The line with "Vintage Cal-tep Scissors made in USA" through the last line of the entries: give these again exactly, and only these, without any pictures.

── MATERIAL FOR THIS TASK

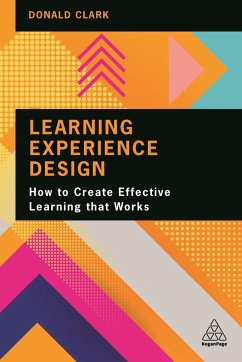 Learning Experience Design - Clark, Donald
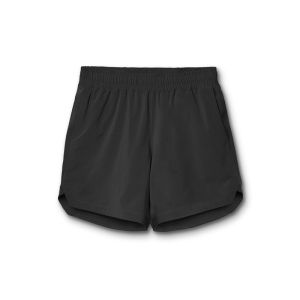 Summer New Gym Jogging Exercise Shorts Mens Sports Fitness Quick-drying Multiple pockets Running Shorts Men Casual Shorts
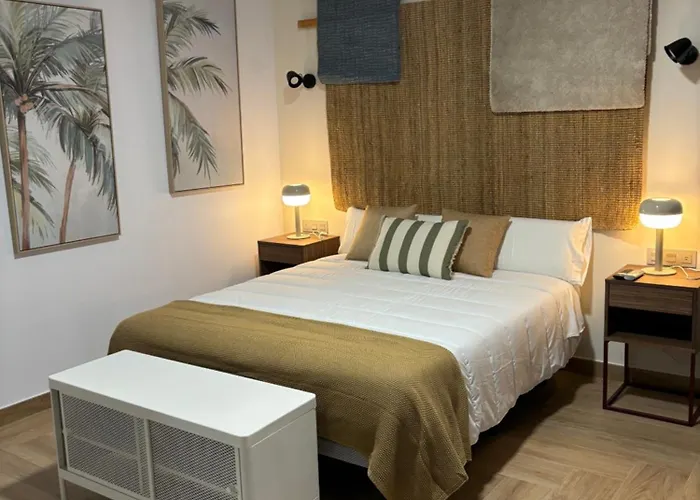 Alamos Boutique * Plasencia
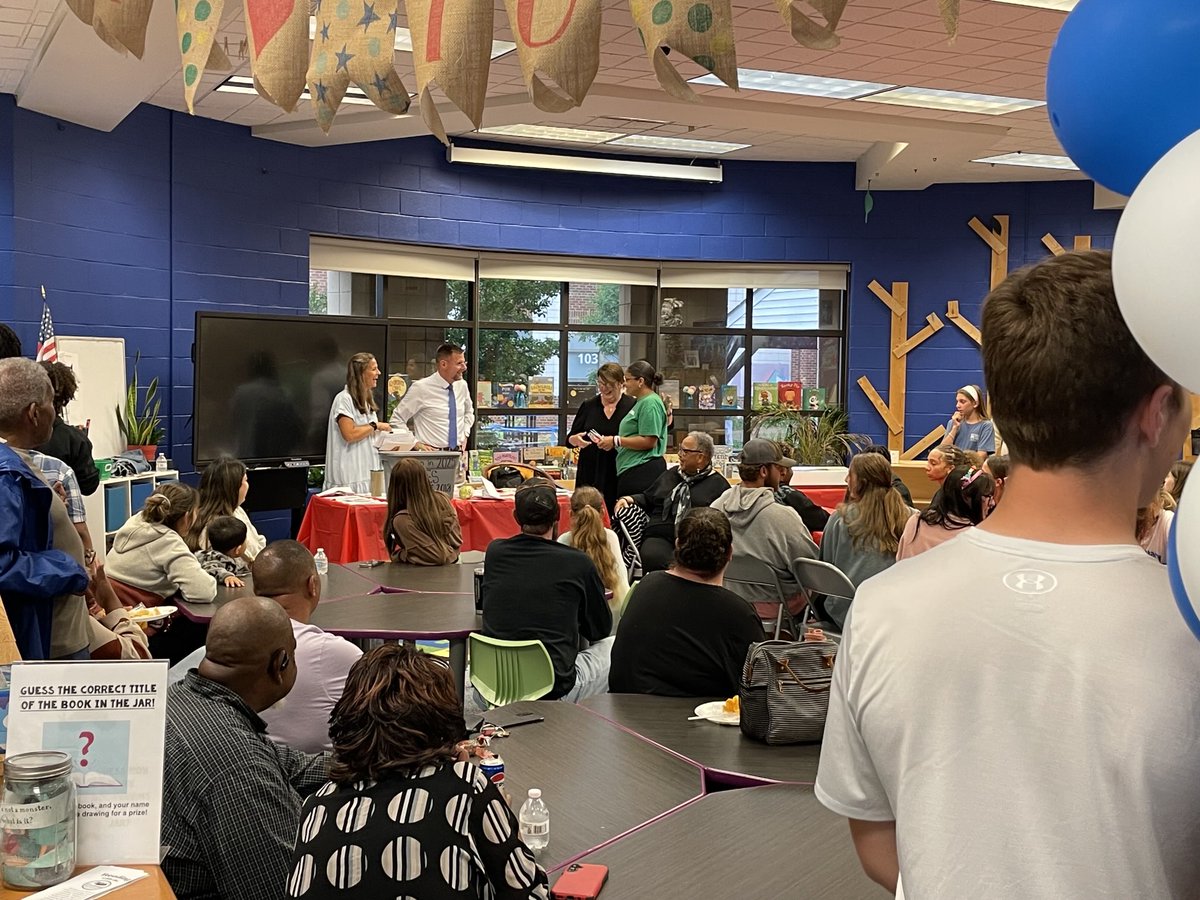 Steve Geyer (@saggeyer) on Twitter photo The Byrd Elementary School library was filled with joy at this evening’s Annual Time Capsule event! ♥️ <a href="/EaglesBes/">Byrd Eagles</a> The Byrd Elementary School library was filled with joy at this evening’s Annual Time Capsule event! ♥️ <a href="/EaglesBes/">Byrd Eagles</a>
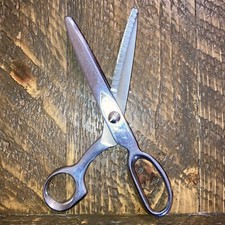 Vintage Cal-tep Scissors made in USA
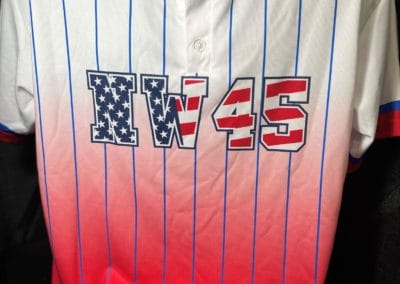 Dugout Sports League Uniforms & Allstar Uniforms Gallery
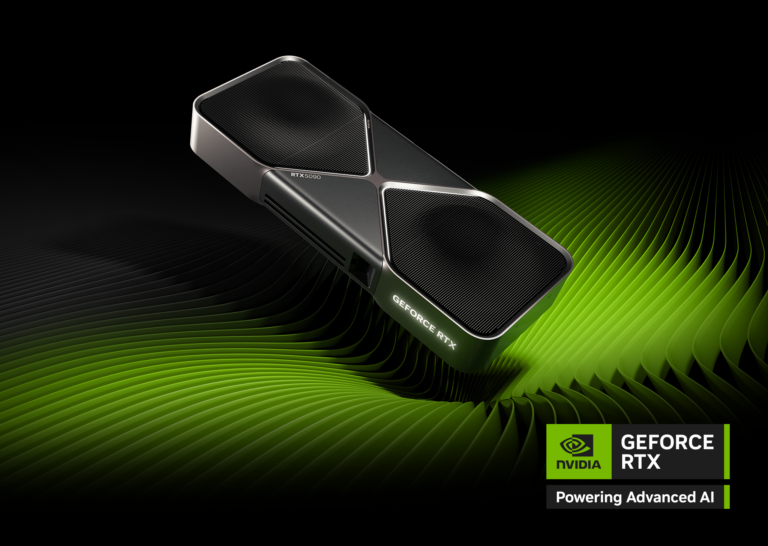 A Revolução Tecnológica da NVIDIA na CES 2025 no Blog da Globaldata - Blog Globaldata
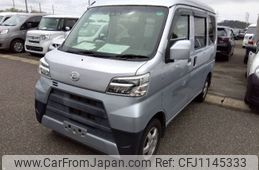 daihatsu hijet-van 2021 -DAIHATSU--Hijet Van 3BD-S321V--S321V-0478914---DAIHATSU--Hijet Van 3BD-S321V--S321V-0478914-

────

ANSWER BOX –
 Vintage Cal-tep Scissors made in USA
 Dugout Sports League Uniforms & Allstar Uniforms Gallery
 A Revolução Tecnológica da NVIDIA na CES 2025 no Blog da Globaldata - Blog Globaldata
 daihatsu hijet-van 2021 -DAIHATSU--Hijet Van 3BD-S321V--S321V-0478914---DAIHATSU--Hijet Van 3BD-S321V--S321V-0478914-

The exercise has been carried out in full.